Wie schwer „Le Prophète“ zu besetzen war und auch heute noch ist, spiegelte sich damals u.a. in der Verschiebung der Uraufführung der 1841 in einer ersten Fassung vorliegenden Oper auf das Jahr 1849. Sicherlich trugen Animositäten zwischen Meyerbeer und Léon Pillet, dem Chef der Académie Royale de Musique, ebenso erheblich zur späten Uraufführung bei. Die andere Seite der Medaille war, dass der ursprünglich für die Rolle des Jean angedachte Gilbert Duprez über den Zenit hinaus war und erst 1848 mit Gustave Roger ein neuer charismatischer Tenorstar die Bühnen von Paris eroberte. Gemeinsam mit Pauline Viardot als Jeans Mutter Fidès erblickte „Le Prophète“ am 16.4.1849 erstmals szenisch das Licht der Welt.
Der Plot geht auf ein geschichtlich fundiertes Ereignis zurück, nämlich den Aufstand der Wiedertäufer im 16. Jahrhundert. Das war eine radikalreformatorische Bewegung, die besonders in Süddeutschland, der Schweiz und den Niederlanden erfolgreich war und als Vorläufer der heute noch aktiven Amischen in den USA gilt. Ein besonderes Merkmal der „Brüder in Christo“ bildet die Gläubigentaufe, d.h. die Taufe erst im Erwachsenenalter verbunden mit einem aktiven, persönlichen Bekenntnis zum Glauben. Dieses religionspolitische Kapitel dient aber nur als Kulisse für eine dramatische Befreiungs-, Bauern- und schließlich Liebesgeschichte des Jean mit Berthe, überzuckert durch Jeans enge Beziehung zu seiner Mutter Fidès.
Historisch war Jean ganz sicher ein gar fürchterlicher Mensch.
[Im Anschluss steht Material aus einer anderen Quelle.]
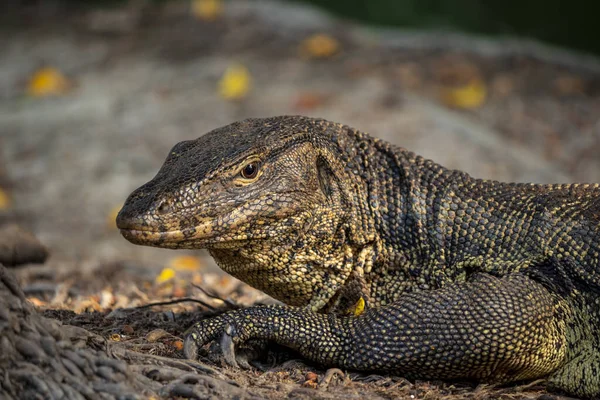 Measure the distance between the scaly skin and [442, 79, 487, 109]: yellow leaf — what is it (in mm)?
7960

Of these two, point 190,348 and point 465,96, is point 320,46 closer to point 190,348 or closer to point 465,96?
point 465,96

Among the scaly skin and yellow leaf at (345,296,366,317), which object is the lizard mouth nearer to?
the scaly skin

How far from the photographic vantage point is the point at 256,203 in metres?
5.23

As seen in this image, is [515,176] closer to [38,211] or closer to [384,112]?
[384,112]

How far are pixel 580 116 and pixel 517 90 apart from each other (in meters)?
1.18

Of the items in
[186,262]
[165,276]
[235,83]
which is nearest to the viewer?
[165,276]

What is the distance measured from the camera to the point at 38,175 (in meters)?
12.3

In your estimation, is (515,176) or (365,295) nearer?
(365,295)

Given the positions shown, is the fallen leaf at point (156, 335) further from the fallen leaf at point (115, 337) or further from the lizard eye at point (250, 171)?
the lizard eye at point (250, 171)

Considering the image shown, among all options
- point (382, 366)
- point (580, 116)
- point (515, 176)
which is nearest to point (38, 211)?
point (515, 176)

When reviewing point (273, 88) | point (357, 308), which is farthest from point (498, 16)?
point (357, 308)

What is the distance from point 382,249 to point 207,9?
40.6 feet

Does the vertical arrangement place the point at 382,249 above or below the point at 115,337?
above

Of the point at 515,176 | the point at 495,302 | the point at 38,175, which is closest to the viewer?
the point at 495,302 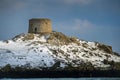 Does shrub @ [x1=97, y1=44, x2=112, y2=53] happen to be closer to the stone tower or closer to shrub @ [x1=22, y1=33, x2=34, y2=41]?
the stone tower

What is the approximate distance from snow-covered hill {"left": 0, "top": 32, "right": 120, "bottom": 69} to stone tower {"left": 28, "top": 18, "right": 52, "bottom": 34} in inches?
81.5

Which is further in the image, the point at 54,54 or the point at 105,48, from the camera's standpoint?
the point at 105,48

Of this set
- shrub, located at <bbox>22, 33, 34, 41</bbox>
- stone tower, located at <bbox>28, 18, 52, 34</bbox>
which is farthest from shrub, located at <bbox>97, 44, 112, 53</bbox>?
shrub, located at <bbox>22, 33, 34, 41</bbox>

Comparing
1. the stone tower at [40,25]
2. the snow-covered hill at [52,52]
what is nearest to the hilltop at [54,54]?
the snow-covered hill at [52,52]

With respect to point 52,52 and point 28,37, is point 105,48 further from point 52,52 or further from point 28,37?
point 28,37

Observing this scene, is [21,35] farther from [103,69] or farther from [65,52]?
[103,69]

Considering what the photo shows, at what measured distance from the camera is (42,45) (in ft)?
441

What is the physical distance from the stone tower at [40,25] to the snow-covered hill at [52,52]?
2.07m

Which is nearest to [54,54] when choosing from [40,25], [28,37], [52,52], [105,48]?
[52,52]

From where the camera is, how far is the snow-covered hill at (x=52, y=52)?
12762cm

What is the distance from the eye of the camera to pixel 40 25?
141 meters

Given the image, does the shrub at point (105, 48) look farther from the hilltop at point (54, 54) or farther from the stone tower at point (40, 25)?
the stone tower at point (40, 25)

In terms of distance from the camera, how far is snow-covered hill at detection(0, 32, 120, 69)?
128 metres

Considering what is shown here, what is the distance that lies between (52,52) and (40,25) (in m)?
11.5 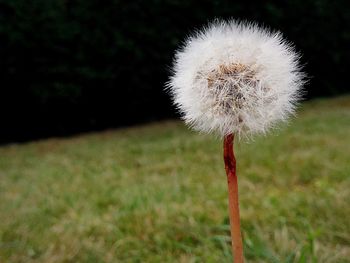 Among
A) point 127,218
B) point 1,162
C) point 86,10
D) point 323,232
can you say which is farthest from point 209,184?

Ein größenwahnsinnig gewordener Wirtssohn aus Leiden tritt dem Glauben der „Täufer“ bei, kommt als Priester nach Münster, wo er eine grausame Theokratie mit sich selbst als König begründete. Fortan galt da das Alte Testament. Als die Stadt unter Anleitung des katholischen Bischofs wiedererobert wurde, erlitt der vielfache Mörder Jean einen brutalen Foltertod.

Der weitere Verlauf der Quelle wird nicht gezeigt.